President of Southern Oregon University
- In office 2006–2014

= Mary Cullinan =

American academic administrator (1950–2021)

Mary Cullinan (December 23, 1950 – May 3, 2021) was an American academic administrator who served as the 26th president of Eastern Washington University from 2014 to 2020.

==Early life and education==
Cullinan was raised in Washington, D.C. Her father was Assistant Postmaster-General under President Dwight D. Eisenhower and later a speech writer for various senators, congressmen, and other influential politicians, including Presidents John F. Kennedy and Lyndon B. Johnson. She graduated, magna cum laude, with a degree in English from the University of Pennsylvania in 1972. Cullinan obtained her master's degree in 1973 and her PhD in 1978 in English literature at the University of Wisconsin–Madison.

==Career==
After becoming a tenured professor of English at California State University, Hayward (now CSU East Bay) in 1991, she received her first administrative position as chair of the department of English at the university (1991–1992; 1993–1994).

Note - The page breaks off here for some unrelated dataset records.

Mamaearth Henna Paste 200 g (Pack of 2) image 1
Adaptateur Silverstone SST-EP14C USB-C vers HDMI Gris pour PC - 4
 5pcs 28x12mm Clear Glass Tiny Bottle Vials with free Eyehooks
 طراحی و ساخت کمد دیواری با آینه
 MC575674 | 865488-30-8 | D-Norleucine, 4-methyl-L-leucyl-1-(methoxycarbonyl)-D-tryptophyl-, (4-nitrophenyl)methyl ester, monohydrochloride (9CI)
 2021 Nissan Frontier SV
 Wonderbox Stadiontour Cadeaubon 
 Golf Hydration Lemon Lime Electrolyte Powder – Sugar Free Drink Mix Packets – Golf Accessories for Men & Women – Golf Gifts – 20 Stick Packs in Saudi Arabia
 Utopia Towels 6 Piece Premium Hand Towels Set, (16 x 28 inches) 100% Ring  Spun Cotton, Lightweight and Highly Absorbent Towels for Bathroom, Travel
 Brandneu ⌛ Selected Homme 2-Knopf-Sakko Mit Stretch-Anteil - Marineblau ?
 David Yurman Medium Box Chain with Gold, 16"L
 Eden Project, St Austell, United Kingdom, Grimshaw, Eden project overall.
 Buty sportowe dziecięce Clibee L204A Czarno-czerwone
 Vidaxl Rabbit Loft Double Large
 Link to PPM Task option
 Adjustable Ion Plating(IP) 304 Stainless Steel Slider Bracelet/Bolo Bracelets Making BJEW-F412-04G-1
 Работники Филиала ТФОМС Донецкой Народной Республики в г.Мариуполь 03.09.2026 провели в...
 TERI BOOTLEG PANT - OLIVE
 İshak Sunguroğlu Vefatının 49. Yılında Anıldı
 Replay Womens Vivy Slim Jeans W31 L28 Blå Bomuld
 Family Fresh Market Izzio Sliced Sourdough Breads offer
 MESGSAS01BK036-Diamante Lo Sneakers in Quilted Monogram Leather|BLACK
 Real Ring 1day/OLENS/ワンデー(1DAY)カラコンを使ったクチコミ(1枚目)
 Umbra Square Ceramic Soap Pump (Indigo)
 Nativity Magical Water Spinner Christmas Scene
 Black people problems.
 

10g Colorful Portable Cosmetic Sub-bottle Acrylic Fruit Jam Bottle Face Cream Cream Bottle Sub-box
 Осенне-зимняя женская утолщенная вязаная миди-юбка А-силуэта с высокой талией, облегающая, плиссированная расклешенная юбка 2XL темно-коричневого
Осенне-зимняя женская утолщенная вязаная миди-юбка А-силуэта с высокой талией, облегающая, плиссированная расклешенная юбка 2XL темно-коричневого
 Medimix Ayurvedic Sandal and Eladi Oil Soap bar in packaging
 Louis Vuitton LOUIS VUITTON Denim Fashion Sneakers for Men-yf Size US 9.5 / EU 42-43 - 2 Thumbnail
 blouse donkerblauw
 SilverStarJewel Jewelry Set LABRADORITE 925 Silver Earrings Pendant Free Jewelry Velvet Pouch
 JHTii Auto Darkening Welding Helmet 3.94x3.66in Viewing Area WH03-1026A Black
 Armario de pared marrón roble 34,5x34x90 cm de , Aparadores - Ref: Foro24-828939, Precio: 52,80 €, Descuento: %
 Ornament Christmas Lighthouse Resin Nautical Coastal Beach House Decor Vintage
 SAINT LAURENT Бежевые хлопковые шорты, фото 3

At California State University–Hayward, she was also interim dean of the School of Arts, Letters, and Social Sciences (1992–1993) and director of the Office of Faculty Development and Faculty Center for Excellence in Teaching (1994–1996).

Later, she served as dean of the College of Arts, Letters and Sciences and English professor at California State University, Stanislaus from 1996 to 2003. She served as provost and vice president for academic affairs as well as professor of English at Stephen F. Austin State University from 2003 to 2006.

From 2006 to 2014, Cullinan was the president of Southern Oregon University in Ashland, Oregon. She was responsible for authoring the two largest retrenchment programs in the history of the university.

Cullinan stepped down as president of Eastern Washington University in Cheney, Washington, on August 4, 2020. On September 29, 2020, it was announced that Cullinan would become a tenured professor, remaining at Eastern Washington University within the English department within the College of Arts, Letters, and Education.

==Controversy==
In the spring of 2014 the faculty of Southern Oregon University held a vote of no confidence in Cullinan and two of her top administrators. 83% of the faculty participated in the vote, with 76% of that faculty voting no confidence in Cullinan's leadership.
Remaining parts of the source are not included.